* **Assigned task**: From the listing below, set down exactly the lines between the one holding "Hello and welcome" and the one holding "Hi, everyone. This", inclusive. No other line is wanted.

[[ Entries supplied, beginning ]]

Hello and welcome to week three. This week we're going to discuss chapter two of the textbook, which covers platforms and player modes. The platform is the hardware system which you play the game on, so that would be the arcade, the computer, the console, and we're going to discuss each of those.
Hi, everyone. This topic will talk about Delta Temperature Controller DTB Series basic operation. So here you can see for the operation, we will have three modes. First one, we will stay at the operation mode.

[[ Entries supplied, end ]]
[[ Entries supplied, beginning ]]

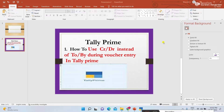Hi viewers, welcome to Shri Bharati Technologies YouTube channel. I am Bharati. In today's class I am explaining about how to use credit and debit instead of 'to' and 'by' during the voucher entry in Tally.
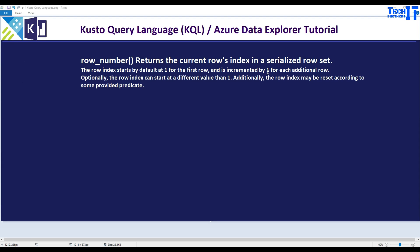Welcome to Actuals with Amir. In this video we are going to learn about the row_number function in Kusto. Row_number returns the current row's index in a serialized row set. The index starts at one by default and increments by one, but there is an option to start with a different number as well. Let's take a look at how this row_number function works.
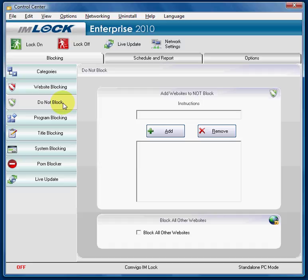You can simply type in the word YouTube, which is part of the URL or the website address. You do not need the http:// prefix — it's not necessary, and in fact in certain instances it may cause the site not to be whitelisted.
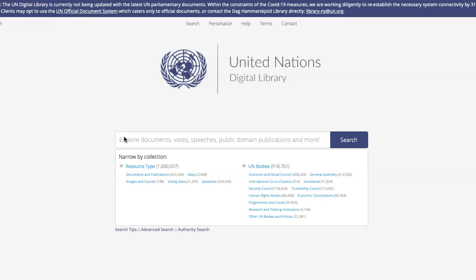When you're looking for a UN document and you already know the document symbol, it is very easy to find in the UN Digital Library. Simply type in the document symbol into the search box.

[[ Entries supplied, end ]]

* **Task solution**:
Hello and welcome to week three. This week we're going to discuss chapter two of the textbook, which covers platforms and player modes. The platform is the hardware system which you play the game on, so that would be the arcade, the computer, the console, and we're going to discuss each of those.
Hi, everyone. This topic will talk about Delta Temperature Controller DTB Series basic operation. So here you can see for the operation, we will have three modes. First one, we will stay at the operation mode.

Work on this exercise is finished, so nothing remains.